Mit Schreiben vom habe die Beschwerdeführerin die Berufung hinsichtlich des Zeitraumes ab zurückgezogen.

Die Beschwerdeführerin beziehe eine Pension in der Höhe von EUR 537,92, eine Ausgleichszulage in der Höhe von EUR 246,07 und Pflegegeld in der Höhe von EUR 664,30 (Stufe 4). Sie habe monatlich Krankenversicherungsbeiträge von EUR 39,98 und die Miete in der Höhe von EUR 341,67 zu bezahlen.

Mit sei die Novelle LGBl.

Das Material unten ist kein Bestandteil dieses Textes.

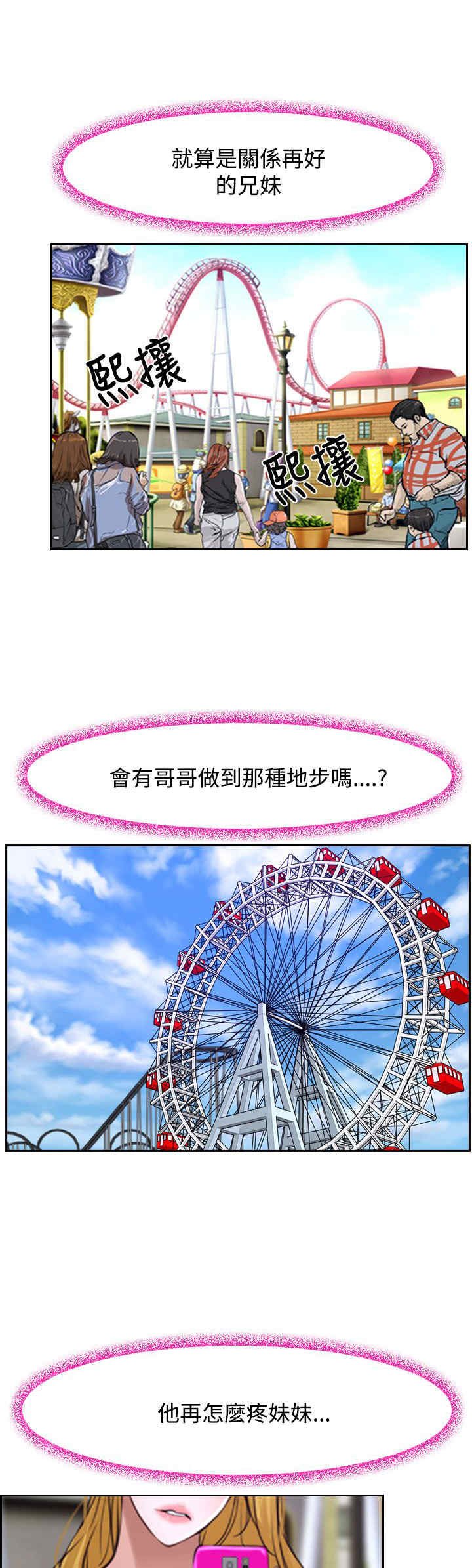 第34章：出击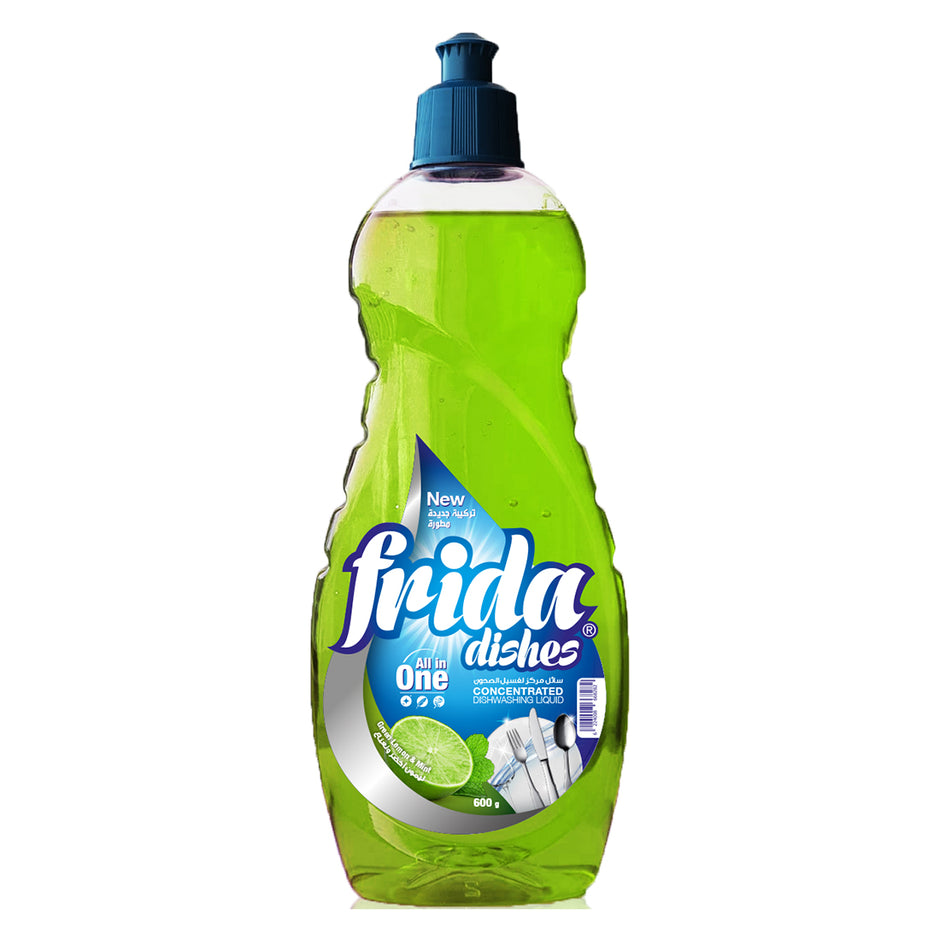 فريدة منظف اطباق 600 مل - Frida Dishes 600 ml.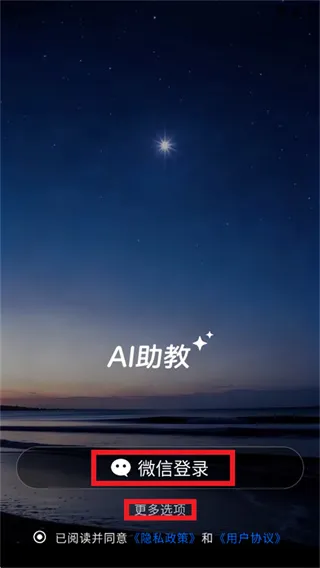 七天助教app怎么登录使用 七天助教app怎么登录使用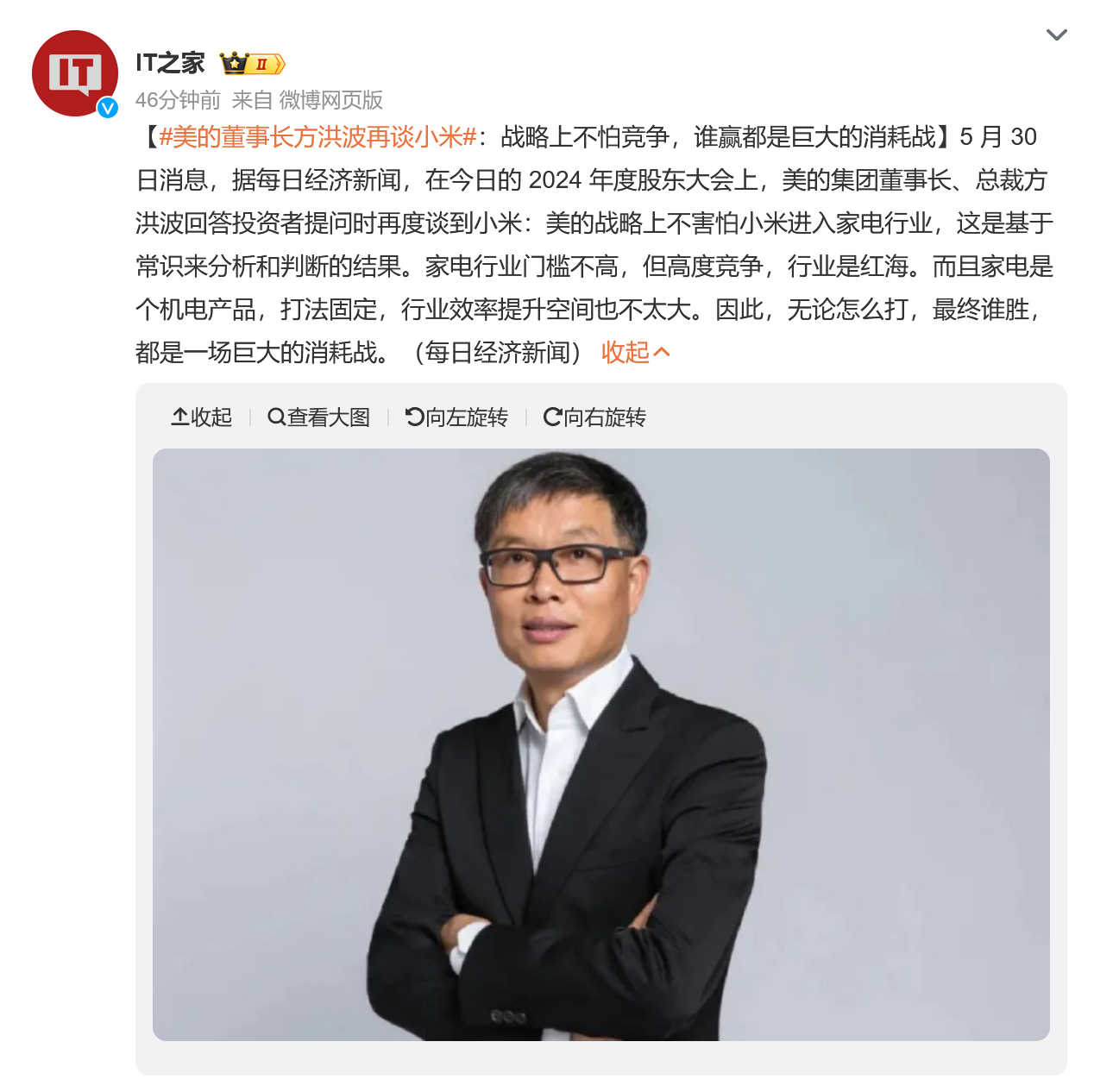 美的董事长方洪波再谈小米 越是成熟的行业，小米越有优势，越是固化的行业，小米的机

Nr. 43/2011 zur Leistungs- und Entgeltverordnung zum Steiermärkischen Behindertengesetz (LEVO-StBHG) und mit die Novelle LGBl. Nr. 62/2011 zum Stmk. BHG in Kraft getreten. Seit Inkrafttreten der Novelle zum Stmk. BHG sei es nicht mehr möglich, anstelle der Leistungsart Freizeitassistenz eine Geldleistung zuzuerkennen. Seit Inkrafttreten der Novelle zur LEVO-StBHG sei das Maximalausmaß der zu gewährenden Freizeitassistenz mit 200 Jahresstunden begrenzt.

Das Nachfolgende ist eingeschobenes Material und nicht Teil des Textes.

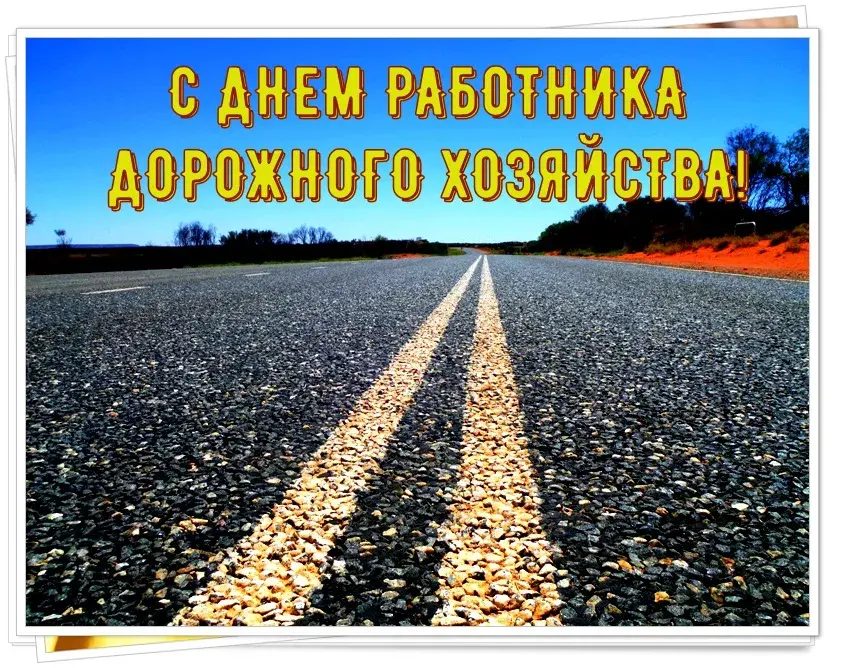 Открытка Открытки с днем работников дорожного хозяйства - Дорога в будущее: Праздничная открытка с пейзажем | Красивая открытка #1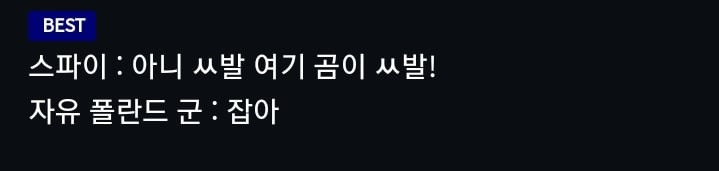 모르면 간첩의 실제사례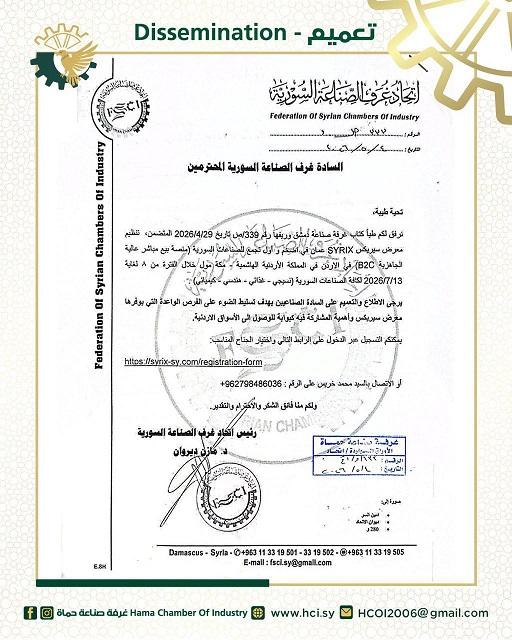 اتحاد غرف الصناعة السورية يدعو للمشاركة في معرض 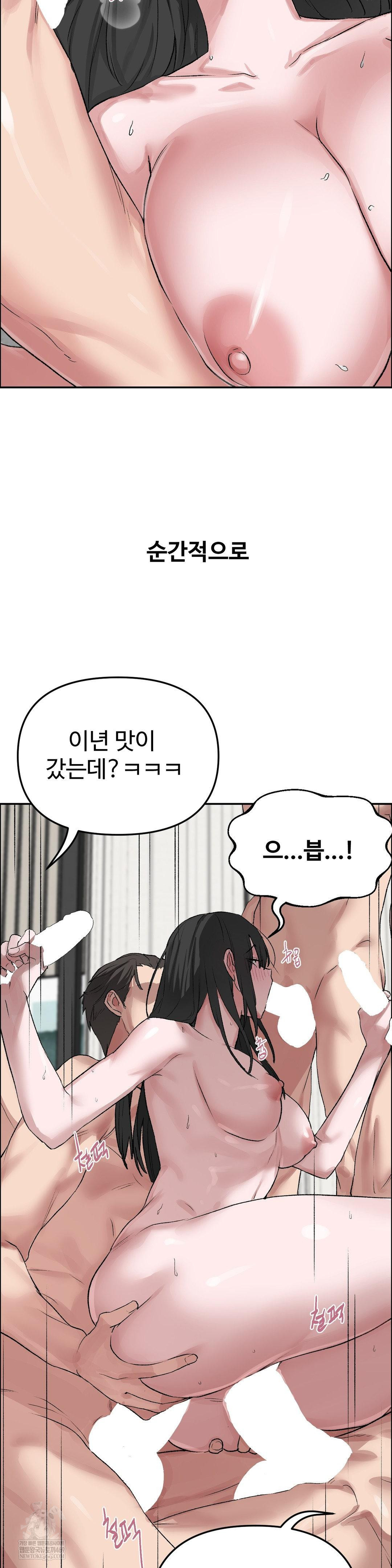 18+ Why is This True? Raw Chapter 52 page 19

Die von der Beschwerdeführerin ebenfalls beantragte Leistung Familienentlastungsdienst diene den pflegenden Angehörigen zur Entlastung. Als Zielgruppe würden in der LEVO-StBHG jene Personen genannt, welche eine Behinderung hätten und in einer Familie lebten. Als Wirkungsziele würden die Möglichkeit, längerfristig im familiären Umfeld zu wohnen, und die Prävention von Schädigungen des familiären Systems durch Überlastung taxativ aufgezählt. Da die Beschwerdeführerin alleine wohne, die Tochter nicht ständig mit der Pflege belastet sei und auch die Wirkungsziele nicht indiziert seien, sei die Leistung Familienentlastungsdienst nicht mehr weiter zu gewähren, weshalb nur die Leistungsart Freizeitassistenz zuerkannt worden sei. Durch die begehrte Leistungsart Familienentlastungsdienst solle das längerfristige Verbleiben der zu pflegenden Person im familiären Umfeld gesichert werden. Der Beschwerdeführerin gehe es aber eher darum, längerfristig gesehen unabhängiger zu werden. Eine Schädigung des familiären Systems durch Überlastung der Betreuungsperson sei vorliegend nicht zu befürchten, weil die nicht im gemeinsamen Haushalt lebende Tochter die Beschwerdeführerin nur zeitweilig betreue.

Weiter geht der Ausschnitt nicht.